Elspeth and Edwina were identical twins, estranged for many years. When Elspeth dies in London, she leaves her flat to her sister’s, nieces – Julia and Veronica – who are also identical twins. However, there is a condition. The two girls must leave the USA and their mother behind, and in the flat for a year. After that, they can do what they want with it. The girls decide to take up the challenge – since seriously, how horrid could a rent-free year in London be? Especially if what they’ve inherited is a bright and sunny flat, situated near Highgate Cemetery. But, soon after they arrive, they begin to meet some unusual neighbors and then some strange things start to happen. This is Audrey Niffenegger’s Her Fearful Symmetry.
After The Time Traveler’s Wife was such a huge best-seller, everyone anxiously awaited Audrey Niffenegger’s second novel. This came with this semi-ghost story Her Fearful Symmetry. That it was a ghost story was no surprise. Her debut novel was clearly in the realm of magical realism – making something that is improbable (if not impossible) and making it sound possible. With her first novel, the conceit was getting her readers to believe a genetic anomaly could cause someone to time travel. And so we did. With her second outing, the magical bit of her realism has been substituted with the supernatural. This makes the conceit all the more tangible. Time travel is almost science fiction. Ghosts are in that gray area that lies somewhere between fantasy and belief. This is especially true when they are removed from the realm of religion. This is exactly what Niffenegger does here – by using the afterlife as a literary mechanism. This is also what makes her second book both problematic and fascinating – by taking extraordinary situations and inserting them into the lives of ordinary people.

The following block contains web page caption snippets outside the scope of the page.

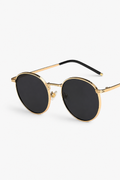 Damen Sonnenbrille Rund, Metallrahmen, UV400 Schutz Stilvoll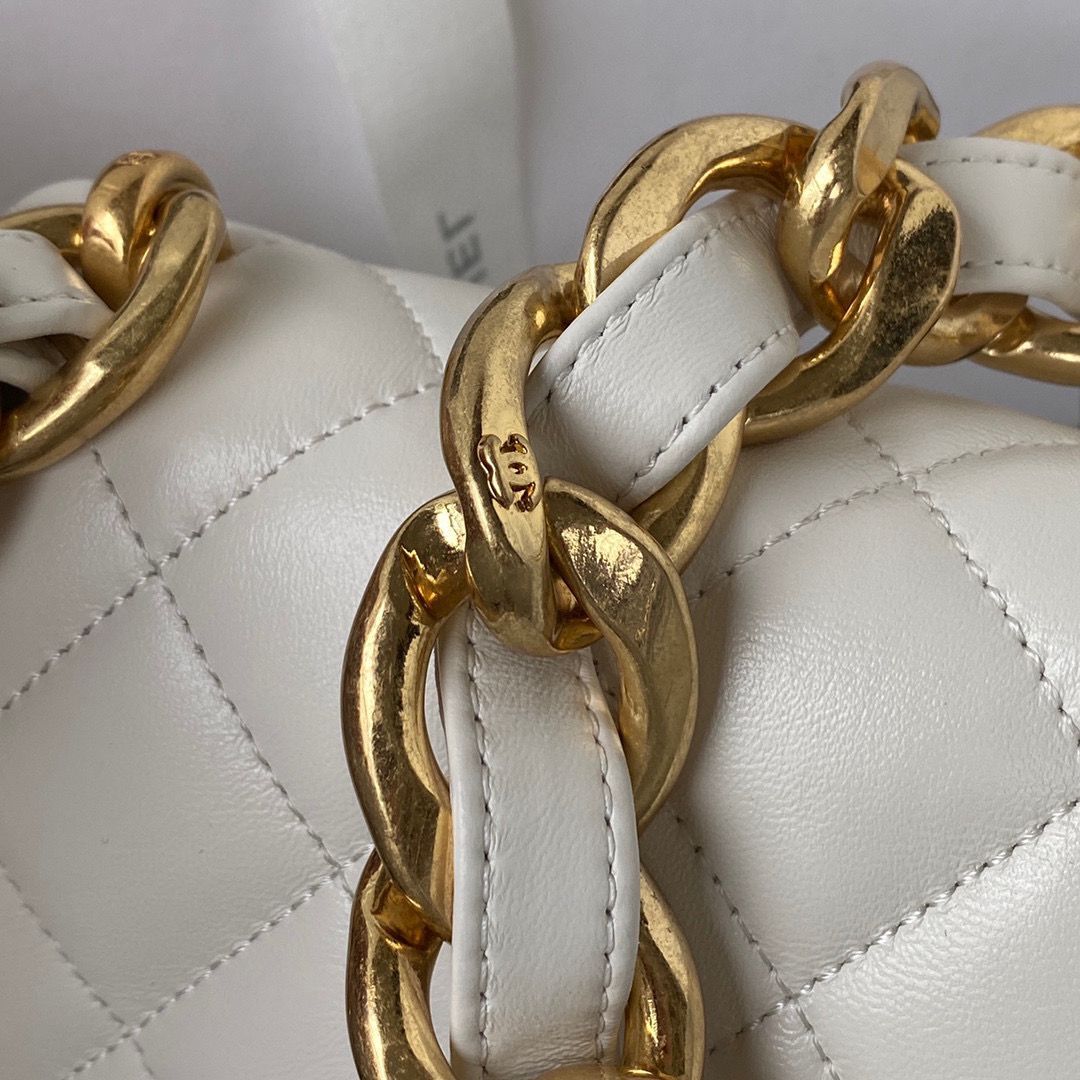 Chanel 2022SS Small Flap Bag Lambskin & Gold-Tone Metal AS3214 White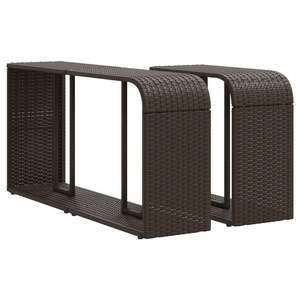 Étagère de rangement en rotin PE durable et en acier thermolaqué, couleur marron - Product Image 2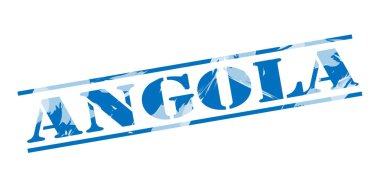 Angola mavi pul beyaz arka plan üzerinde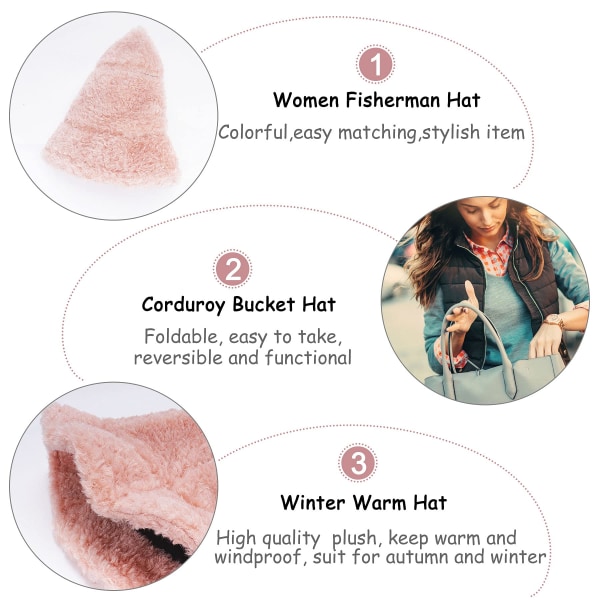 Vinter Bucket Hat - Kvinder Plysset Fisker Hat Varm Pil Lamb Wool Bucket Hat Fuzzy Pels Faux Pels Blød Fortykke Bred Skygge Plys Hat til Kvinder Piger Pink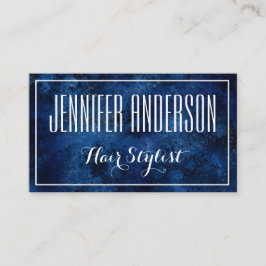 Blue White Friseur Salon Ernennung Terminkarte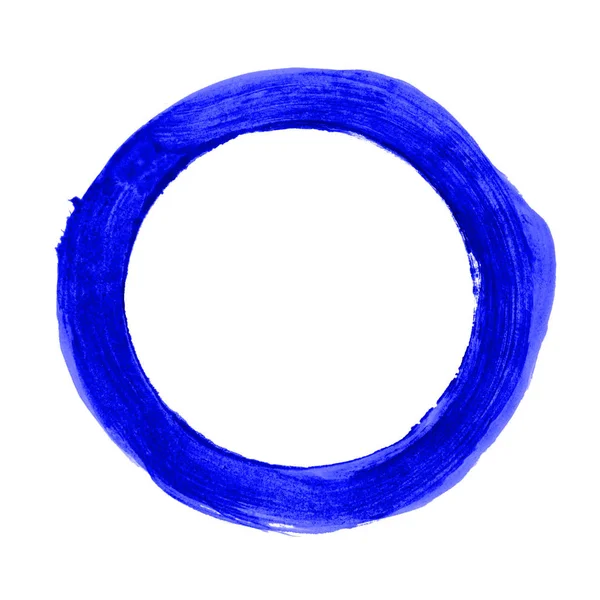 Sketch Blue Brush Circle White Background — Stock Photo, Image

Obviously, the fascinating part is investigating if ghosts really do exist, and if they can communicate with living beings. She also gets into the questions of the affects of mourning, and how the loss of someone sometimes makes us desire to still connect with someone who is dead. This is plausible. But Niffenegger goes further by investigating if spirits have some control on the living, taking it so far as to imply that, with the proper circumstances, ghosts might even be able to devise a way to be reincarnated. And here is where the problematic part of the story comes in. The question is, how much more – or less acceptable is this than the idea that a stray gene can force you to become a time traveler?
The best answer to that is to advise readers to suspend normal logic as they read. If they can do this, they’ll find a complex character study, which examines how our relationships are affected by our actions. Moreover, there is the fascinating side of how raw love, in its many different states, becomes that which keeps us among the living, even after death. Niffenegger’s story then becomes one that, despite the frightening aspects is also extremely touching. This is what draws the reader in, and makes it an addictive read.
The only drawback to Her Fearful Symmetry is an ending that feels banal compared to the rest of the work. Even so, Niffenegger doesn’t let it become corny and allows some questions to remain unanswered, with the ultimate fates of these characters left to the imagination of the readers. All told, despite some flaws, this deserves a strong four stars out of five, and good enough to make me anxious to read her next novel.
(Audrey Niffenegger’s third novel, “Raven Girl,” is due to be published on May 7, 2013)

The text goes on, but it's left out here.